30 Jun 4705 - Live Free, Die Hard, or Compromise

For once, I acted like I'm not a totally sedentary gourmand for a Friday night. I called Gibbs and called upon Dan, and we watched Die Hard: With a Vengeance at the house before going to get Alex and going to Kingstowne 16 to see Live Free or Die Hard.

The movie was no Die Hard 3. I would put it above one and below three in the quality ranking. The banter was good, the characters were great (with some exceptions) and the plot was a serviceable action movie plot. All law enforcement was feckless in the face of the crisis, except for McLane, of course, who's nigh invulnerability to death allowed him once again to get beat up for ninety minutes until he finally wins. McLane is slick and creative, and the bad guy is a mastermind, but the law is collectively idiotic, moreso than usual in a Die Hard movie. No sir, I didn't like it. They were just a touch too idiotic for me to believe that they got those jobs in the first place. Tuvoc shows up, though, which is cool.

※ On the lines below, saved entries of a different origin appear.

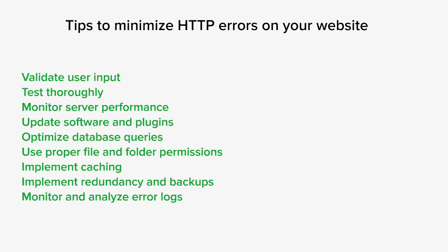Here are some tips to minimize HTTP errors on your website. The first thing you want to do is validate user input, which basically means to validate and sanitize user input to prevent errors caused by malicious or incorrect data. Implement server-side validation and ensure that user submitted data adheres to expected formats and constraints. You want to use proper error handling, so implement robust error handling mechanisms within your website's code. Catch and handle errors promptly, providing informative error messages to users when issues arise.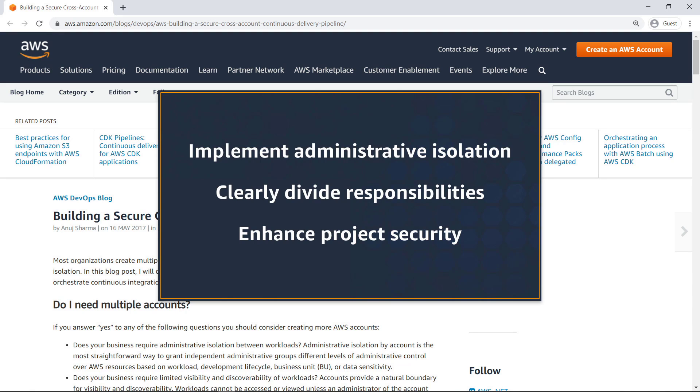In this video, you'll see an example of how to build a cross-account continuous delivery pipeline using AWS CodePipeline.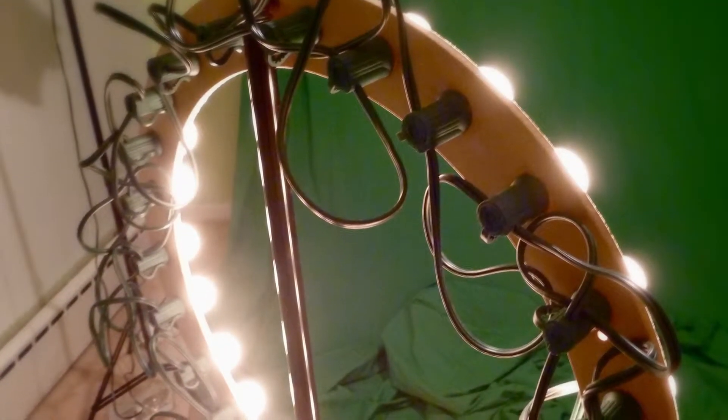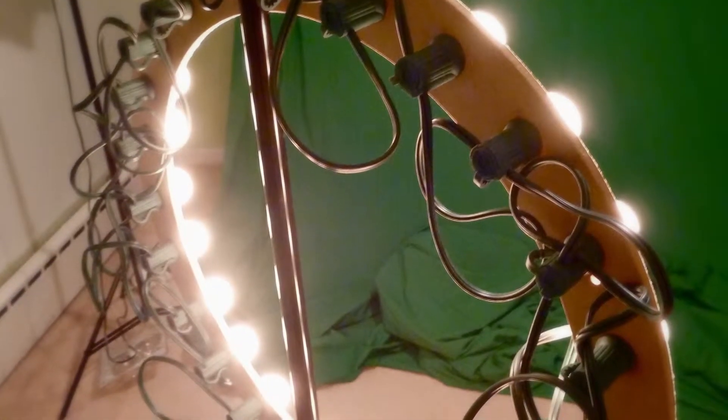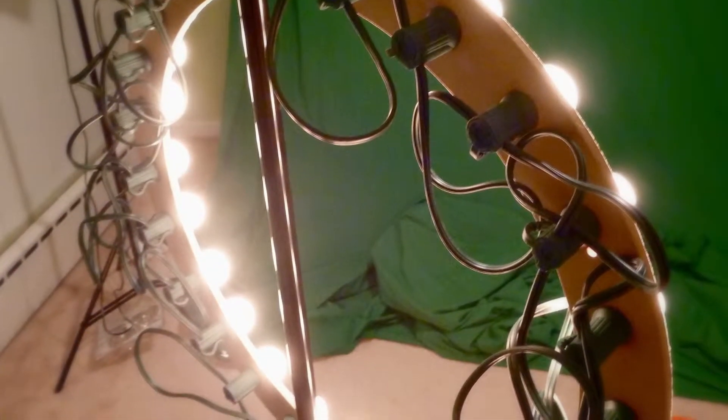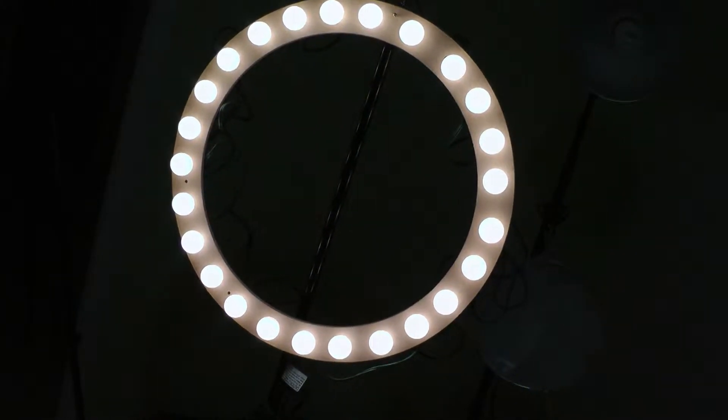So I drilled a bunch of holes and put a bunch of Christmas lights in it. Little round Christmas lights. And made a ring light.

What else? Oh, right, the one stupid or otherwise not believable character: Mai. Mai is the bad guy's girlfriend, and is just a bad fit for the part. The character is somewhere between IT guy and CS guy on the spectrum of henching (where CS guy henching means using guns instead of computer hardware, although it doesn't exclude such), and for some reason, goes in place of other, equally competent henchman to take down one of the villain's targets just so McLane can show up and have an absurdly elaborate fight scene.
Now, that part is okay, and the fact that she's probably 102lbs and decent at kung fu was also okay, and having McLane get the villain's girl to get his goat was a forced-but-good plot point, but why the hell does she last so long?
Seriously, she's made of marshmallow and darksteel! I would have even believed the character had someone sturdier-looking been cast for the part, but widening lens tricks or no, she looks pretty flimsy compared to what all happens. That failing makes the whole buildup to it seem pointless and bitches the moment. Cast a finer fitting femme fatale, and this movie could be better than the third.

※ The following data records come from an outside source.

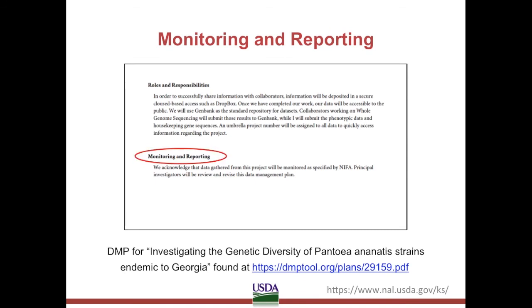The DMP concludes with information about specifics of the monitoring and reporting. While it is good that it specifies principal investigators are responsible for reviewing and revising the DMP, a link to information about the specifics of NIFA's monitoring protocol and requirements would be welcome. Always be specific when referencing a policy that you plan to use.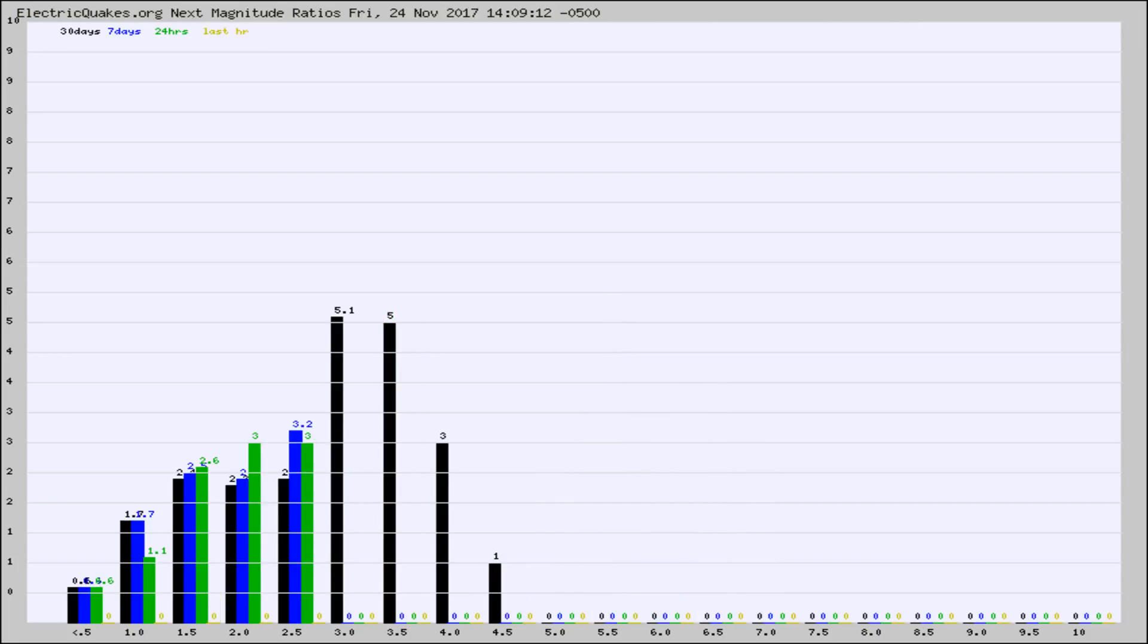And now you're seeing the same thing for just the subset area in California. Again, the black column is 30 days, blue is 7, green is 24 hours, and gold is in the last hour.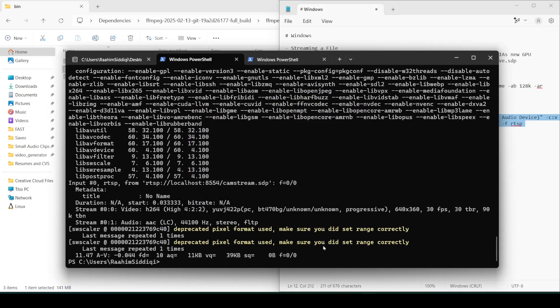I think we've covered everything — file, microphone, and webcam. Those are the three things we've covered today. I hope you guys found this video interesting and useful, because I'm making a whole series on FFmpeg. If you have anything you want to see, make sure to leave that in the comment section below.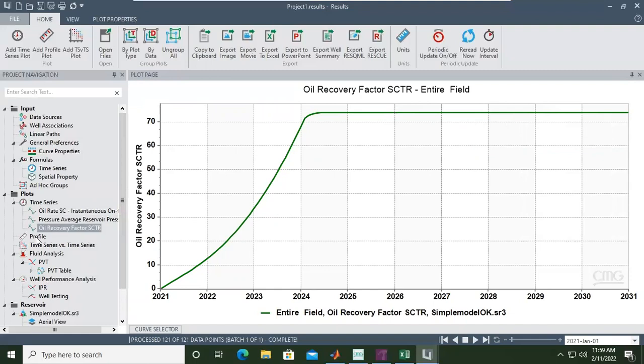If you want to check further, you can also create plot profiles.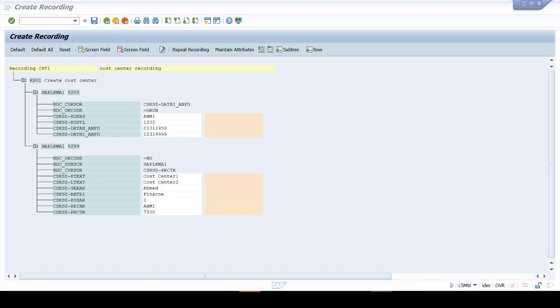All right, so this session we're going to continue. What are we going to do after the recording? After recording the LSMW, we need to do some logistic housework right here.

We got back and I found out that the plan to get Libby in the door without inviting others had worked, except that when you're here alone the house is pretty creepy, and she bugged out and left, despite her mixed feelings of fatigue and queasiness from her food (or lack thereof) in the day. Also it was about midnight. But come on, I was like 30 minutes out.
You can't wait in a creepy, cold, haunted house for thirty minutes? Look, I keep the ghosts around as a ward, but turn on some lights and put a dvd on the telly or something next time. Naturally I'll feel a little bummed if she got in a crash and died. It would be a good death, though. Probably quick.
I admit I keep the place creepy.

An idea had been bugging me for awhile, and since I had set out to accomplish another idea that had been bugging me for awhile today, I thought I would finish this one too as a kind of ritualistic creative expulsion. In the Venture Bros: Henchman 24 (or 21, I get them mixed up) springs into Dr. Killinger's room at night and shoots toy web-fluid at the magic murder bag. When the guards catch him, he starts decrying Killinger, saying "Semper fidelis tyrannosaurus," which means, as Killinger points out "always faithful terrible lizard." You should watch the episode.

So I had to do it:



Remember, compromise is the essence of diplomacy, and diplomacy is the cornerstone of love. Sweet looo~oove.